Quantavius Sturdivant (born December 5, 1988) is an American former professional football linebacker. He played as a middle linebacker for the University of North Carolina Tar Heels. He was considered one of the top linebackers in the Atlantic Coast Conference (ACC). Sturdivant was selected in the sixth round of the 2011 NFL draft by the Arizona Cardinals at pick number 171.

==Early life==
Sturdivant was born on December 5, 1988, in Oakboro, North Carolina, U.S. to Marcella Sturdivant. His father is Terry Watkins of Norwood, N.C. He attended West Stanly High School, where he played mostly as a quarterback, but also as a safety. As a senior in 2006, he completed 99 out of 179 pass attempts for 1,794 yards and 21 touchdowns, and made 111 rushing attempts for 745 yards. He also recorded 12 tackles, two broken-up passes, and one interception. He was a three-time all-conference and two-time all-state player, and was named the conference's 2006 offensive player of the year. In 2006, he was named a Charlotte Observer high school player of the week for recording 305 yards, four touchdowns, and 11 tackles in a game. Recruiting analyst Tom Lemming named Sturdivant to his All-Southeast Team. He participated in the 2006 Shrine Bowl as a quarterback. He received scholarship offers from Duke, Florida, NC State, North Carolina, and South Carolina. Sturdivant originally committed to Florida, but a week later reversed course and committed to North Carolina.

==College career==
As a true freshman for the Tar Heels in 2007, Sturdivant saw action in all 12 games as a linebacker including five starts. He also played a role on special teams. Sturdivant also recorded 47 tackles, including 1.5 for loss, one quarterback sack, one interception, and one blocked punt. In 2008, Sturdivant played in all 13 games and recorded 122 tackles including 87 solo, two sacks, one forced fumble, and two interceptions for 89 yards and a touchdown. Sports Illustrated named him an honorable mention All-American. For the 2009 season, Sturdivant was moved from weakside to middle linebacker, in order to replace Mark Paschal who graduated. He was moved back to the weakside, however, to recapture his success from the previous year. Scout.com included him among its 120 Players You Need to Know feature series, and said of him, "In just two seasons ... he has developed into one of the top young linebackers in the ACC."

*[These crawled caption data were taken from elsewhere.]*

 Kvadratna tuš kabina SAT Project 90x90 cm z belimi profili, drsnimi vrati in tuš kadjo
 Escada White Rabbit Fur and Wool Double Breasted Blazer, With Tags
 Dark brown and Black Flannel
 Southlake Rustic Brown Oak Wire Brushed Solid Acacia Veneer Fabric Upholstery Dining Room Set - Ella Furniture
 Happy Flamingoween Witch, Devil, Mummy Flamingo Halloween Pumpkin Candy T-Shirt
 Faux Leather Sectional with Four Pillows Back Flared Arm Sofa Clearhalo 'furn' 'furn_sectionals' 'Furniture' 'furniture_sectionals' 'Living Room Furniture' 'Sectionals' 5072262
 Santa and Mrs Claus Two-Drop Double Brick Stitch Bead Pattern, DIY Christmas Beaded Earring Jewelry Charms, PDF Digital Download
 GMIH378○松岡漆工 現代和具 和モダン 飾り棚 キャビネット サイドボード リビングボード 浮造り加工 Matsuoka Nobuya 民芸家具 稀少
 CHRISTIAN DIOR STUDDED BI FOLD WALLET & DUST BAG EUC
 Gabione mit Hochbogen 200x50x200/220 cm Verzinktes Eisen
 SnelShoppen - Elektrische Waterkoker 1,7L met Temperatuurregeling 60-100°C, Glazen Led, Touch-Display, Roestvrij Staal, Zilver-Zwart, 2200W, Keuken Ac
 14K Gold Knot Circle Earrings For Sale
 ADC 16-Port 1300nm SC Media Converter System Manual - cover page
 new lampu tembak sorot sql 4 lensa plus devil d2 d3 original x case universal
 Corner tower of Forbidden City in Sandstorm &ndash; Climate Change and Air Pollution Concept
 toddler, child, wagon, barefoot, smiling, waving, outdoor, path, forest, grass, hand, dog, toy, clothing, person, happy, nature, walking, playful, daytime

On July 10, 2010, Sturdivant was cited for simple possession of marijuana during a traffic stop.

During the 2010 season, Sturdivant played in the first three games and amassed 27 tackles before suffering a hamstring injury at Rutgers, which forced him to miss several games.

==Professional career==

Pre-draft measurables
| Height | Weight | Arm length | Hand span | Wingspan | 40-yard dash | 10-yard split | 20-yard split | 20-yard shuttle | Three-cone drill | Vertical jump | Broad jump | Bench press |
| 6 ft 1 in (1.85 m) | 241 lb (109 kg) | 32+1⁄2 in (0.83 m) | 10 in (0.25 m) | 6 ft 3+3⁄8 in (1.91 m) | 4.75 s | 1.69 s | 2.77 s | 4.47 s | 7.29 s | 34.0 in (0.86 m) | 9 ft 7 in (2.92 m) | 21 reps |
All values from NFL Combine/Pro Day

===Arizona Cardinals===
Sturdivant was drafted with the 171st pick in the 2011 NFL draft by the Arizona Cardinals. Sturdivant was cut by the Cardinals before the 2012 NFL season began.

===Sacramento Mountain Lions===
He signed by the UFL's Sacramento Mountain Lions.

===Kansas City Chiefs===
On November 29, 2012, he was signed to the practice squad of the Kansas City Chiefs.

===Washington Redskins===
On August 15, 2013, he was signed by the Washington Redskins. On August 26, 2013, he was waived by the Redskins.